Rice got Bhutto killed. Bhutto had no business being in Pakistan but for Rice. Rare indeed does a government policy end in so spectacular a failure as having the bloody brains blown out of a former and potentially future head of state before millions of onlookers. It was in the name of the State Department's "Freedom and Democracy" agenda that Rice first conceived of the purely cosmetic notion of having the telegenic and politically pliable Bhutto pose as the duly elected spokesmodel, for what was to remain a brutal, military tyranny directed by the US to root out, torture, and exterminate every deemed pro-Taliban/Al-Queda lifeform in Pakistan from lizard up. Even in an Administration infamous for using plausible gullibility to exonerate its members from personal responsibility and guilt for catastrophic failures, surely this last, in a long, long line, of world historical blunders should compel that rarest of occasions in the Bush White House, a resignation for failure. Rice has got to go.
As one looks back on the unremitting gross blunders of this White House, the offical media narrative designed to minimize personal liability has always featured the supposed rivalry between the Pentagon and State for control of America's agenda abroad. The subvertion of the State Department by Donald Rumsfeld, Dick Cheney, and their neocon cohorts in the Pentagon with respect to the prosecution and management of America's ridiculous "War on Terror" and the fraudulent Iraq War is well documented. The horrendous fiascoes, and more importantly, the personal embarassment, which resulted led to the political necessity of re-establishing some semblance of authority and control to formulate and implement foreign policy at State. Thus, the Department was butressed with the appointment of a man with undoubted gravitas and authority, and with a long record of dirty deeds for further credibility, to work beside Condoleeza Rice, namely John Negroponte.

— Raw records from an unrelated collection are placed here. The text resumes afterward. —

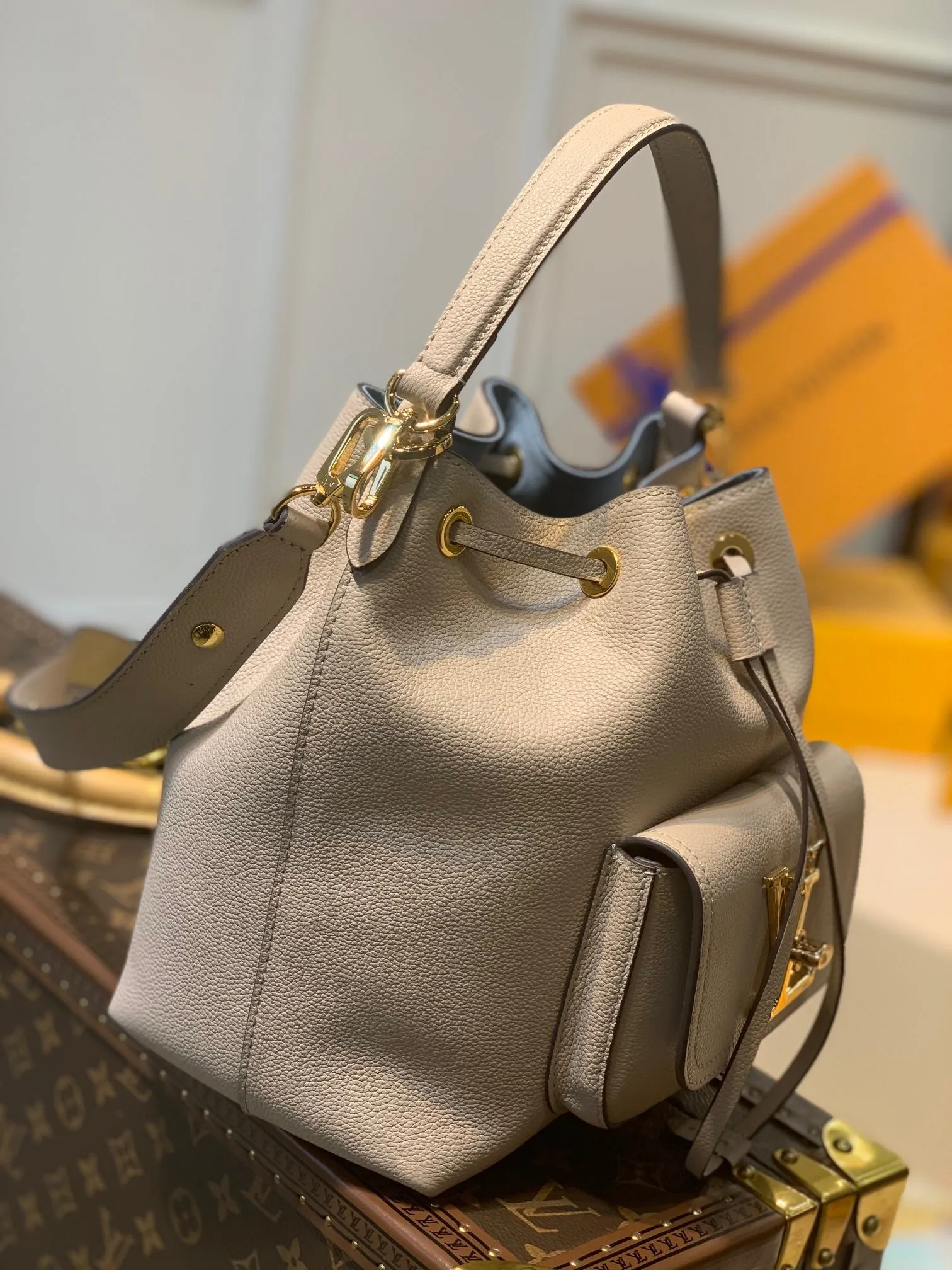 LB696 Lockme Bucket Bag / HIGHEST QUALITY VERSION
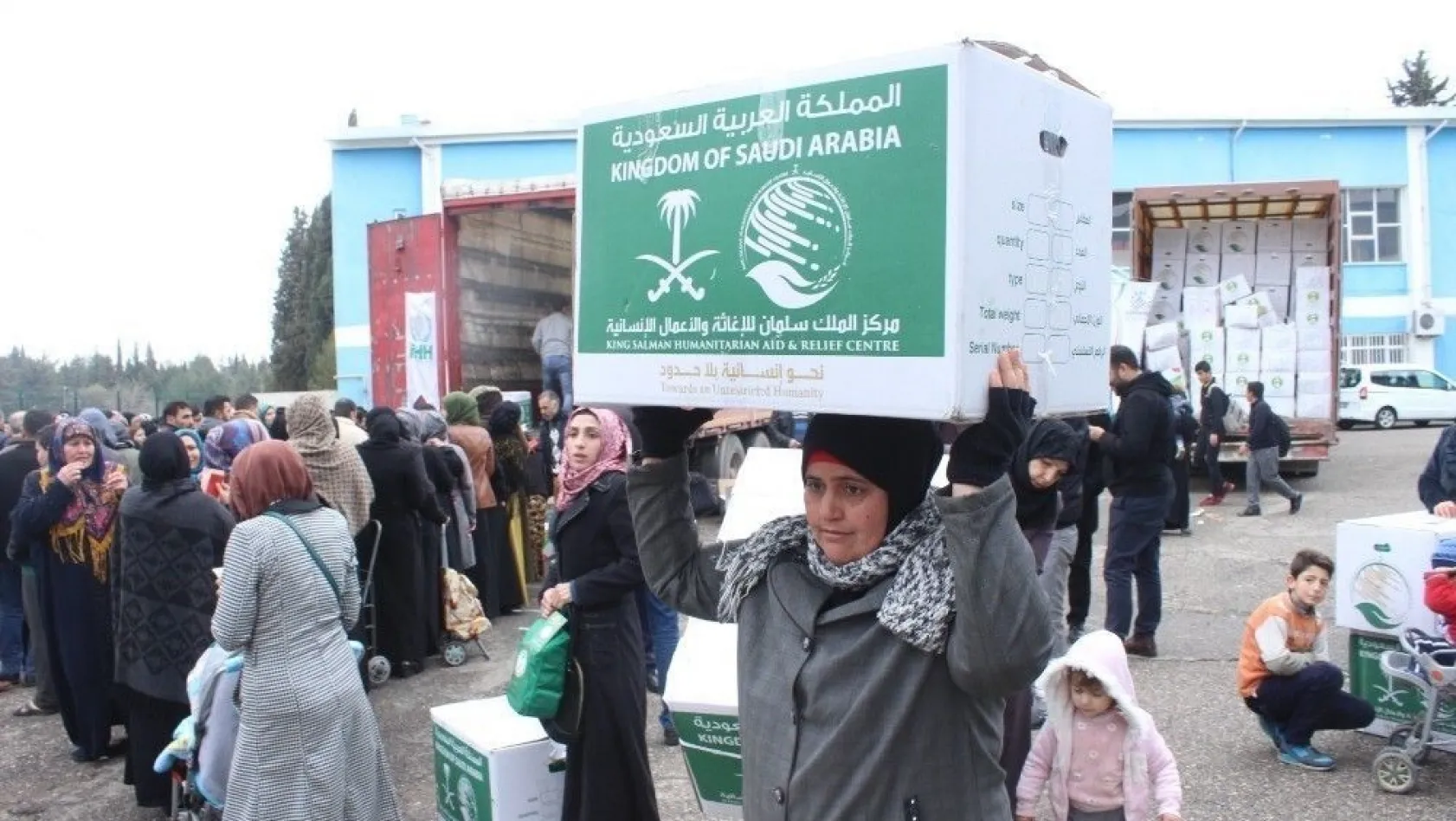 Suriyeli ailelere kışlık malzeme dağıtıldı
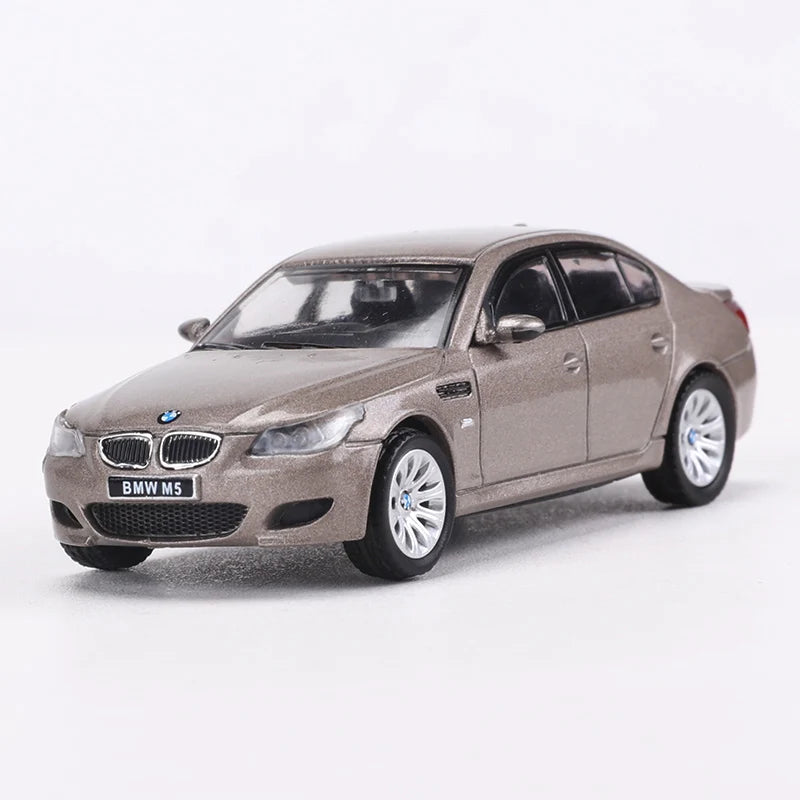 SHADOW 1:64 M5 E60 coche modelo de aleación para seis colores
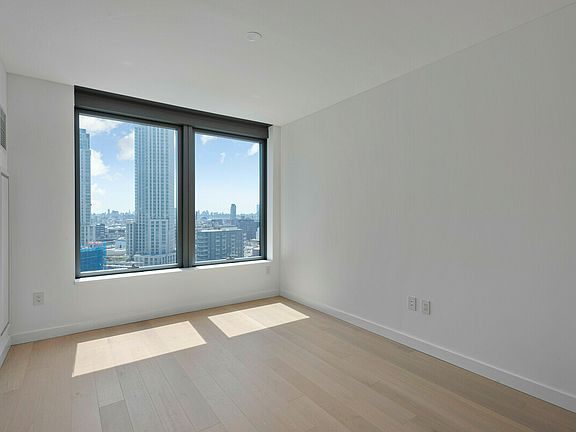 4th image of 3 Court Sq #1609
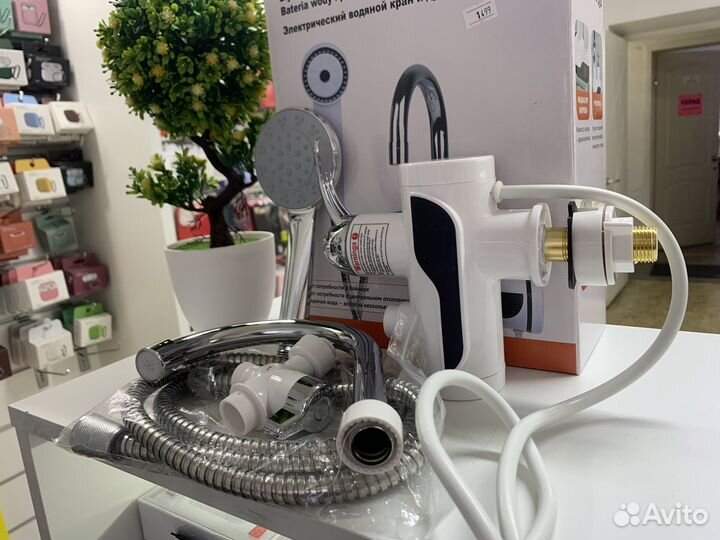 Электрический проточный водонагреватель (новый)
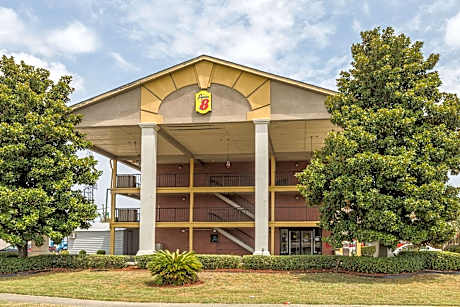 Super 8 by Wyndham Metairie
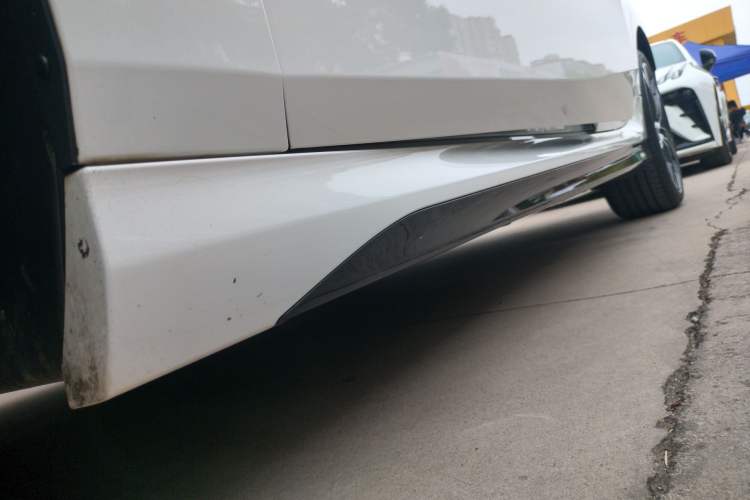 Used BMW 2 Series 2023 225i Four-Door Coupe M Sport Package Left Side Sill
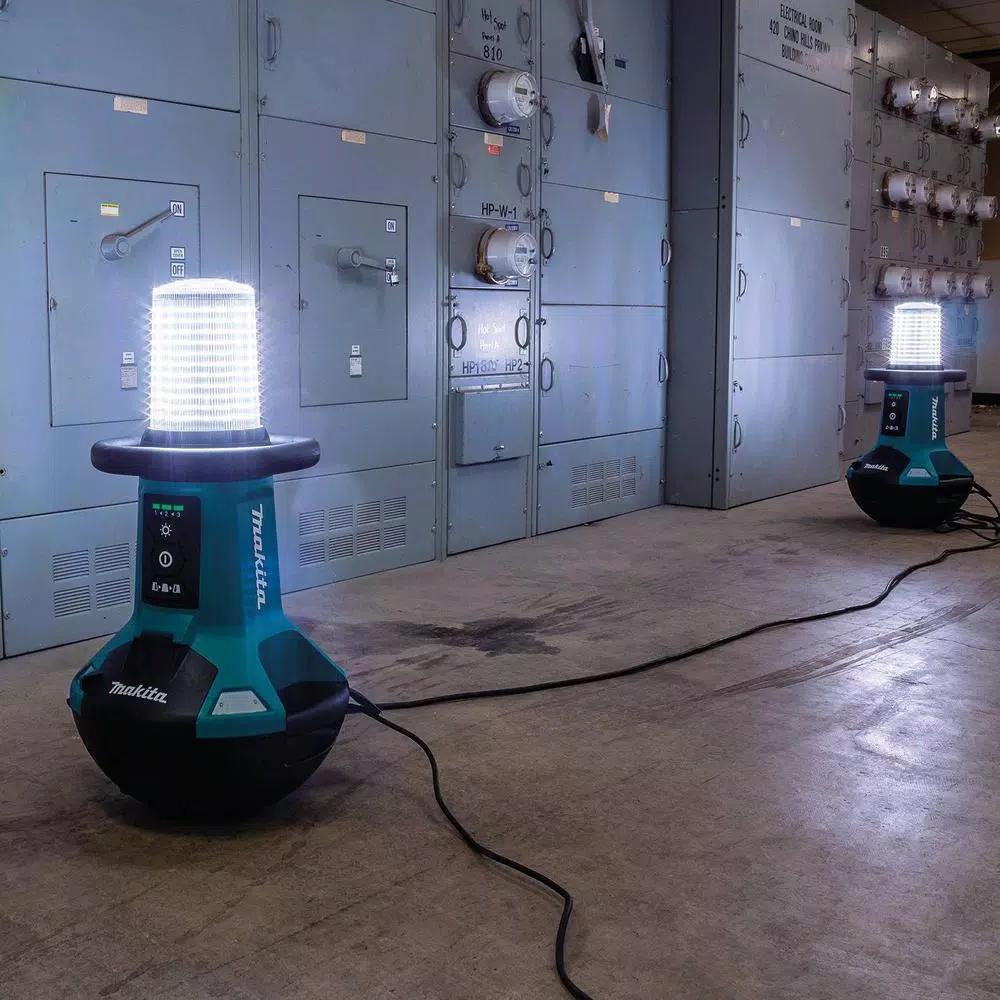 Makita 18V X2 LXT Cordless/Corded LED Upright Area Light, 5500 Lumens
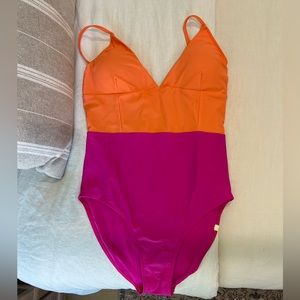 Summersalt size 6 one piece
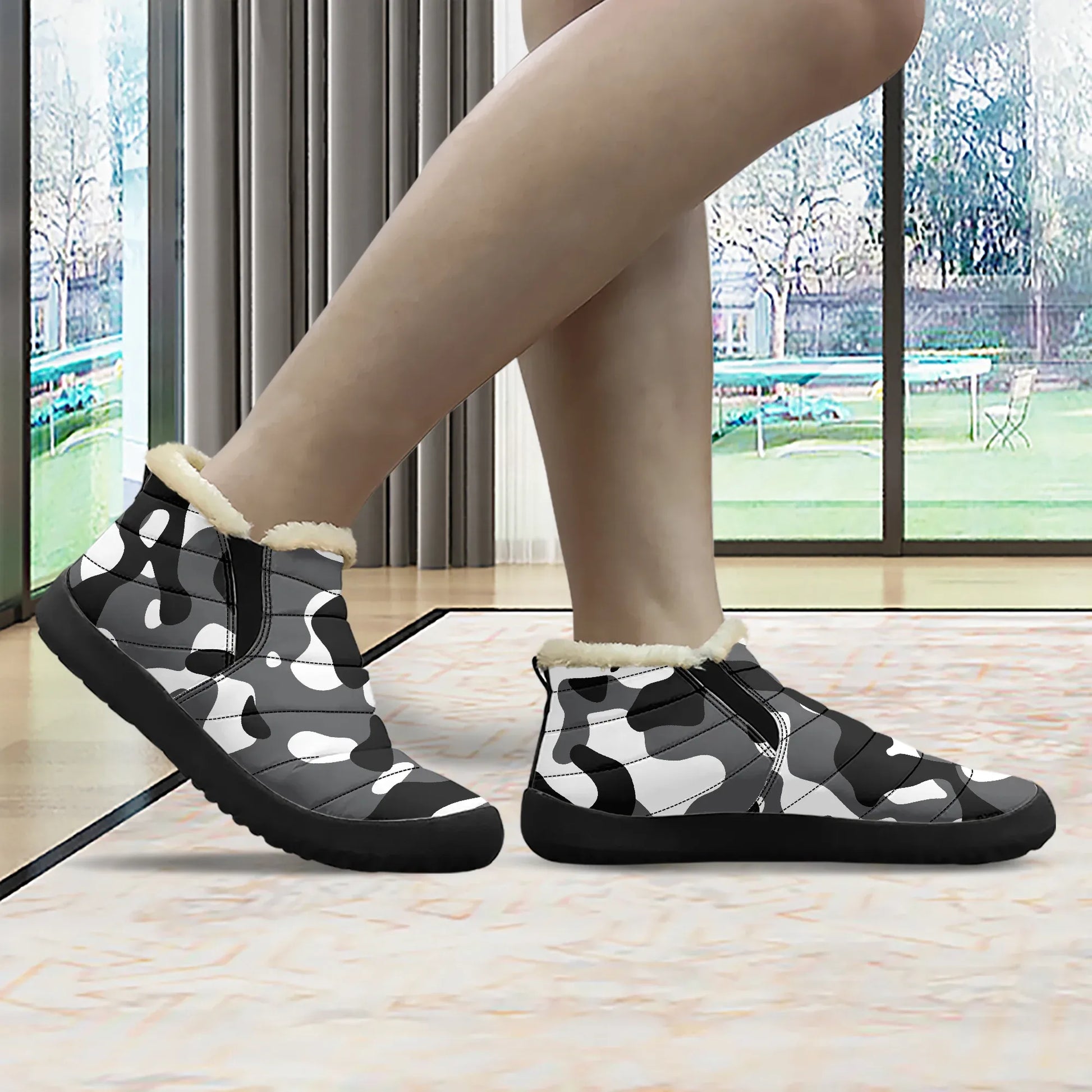 schwarz-weiss-camouflage-faux-fur-slipper-slipper-jlr-design-3 - JLR Design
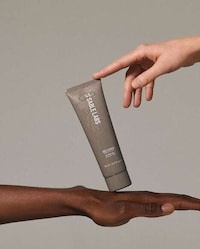 Actor-Founded Genderless Skincare Image 3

In contradistinction to the Pentagon's eternal reply to, what LBJ onced complained of, was for every foreign policy conundrum, specifically "Bomb! Bomb! Bomb!", and its blind faith in Musharaff and the Pakistan military to keep things in order, Rice's State Department appeared to be the only entity on the face of the planet to take seriously the Bush alibi and mantra of "Freedom and Democracy". And no where was America's insistence that all of the blood spilt and money spent was done for "Freedom and Democracy" more utterly exposed for the ugly truth of its detestable hypocrisy than in Pakistan. In cruel contrast to all of the sanctimonious talk of reversing America's traditional support of the most vicious of tinpot dictators and their tyrannical regimes with Bush's Born Again inspiration for freedom-lovin' people all around the world, oft-quoted to justify our recent relish for criminality, there stood the spectre of our active support for General Pervez Musharaff, our "most important ally in America's War on Terror", with his guns and ammo, tanks and torturers, who toppled a civillian government legally elected in a peaceful and ordered way by a nation of 170,000,000 people. Yet, even he was aware of the bad optics of it all. Thus, he claimed, he promised, he decried, he re-promised, he swore, he warned, he guaranteed, he apologized, he excused, and for over 8 years, he sat on top. But at the end of the day, when he had played all of his cards, with an American ace in his back pocket, he was still in danger of being trumped by his enemies, and far worse than any fantastical Taliban or mythical Al-Queda conspiracy, stood his greatest enemy: the people of Pakistan. Thus, he suspended, he declared, he abolished, he imprisoned, and in the end, he assassinated. And with that ace still in his pocket, he continues to sit on top.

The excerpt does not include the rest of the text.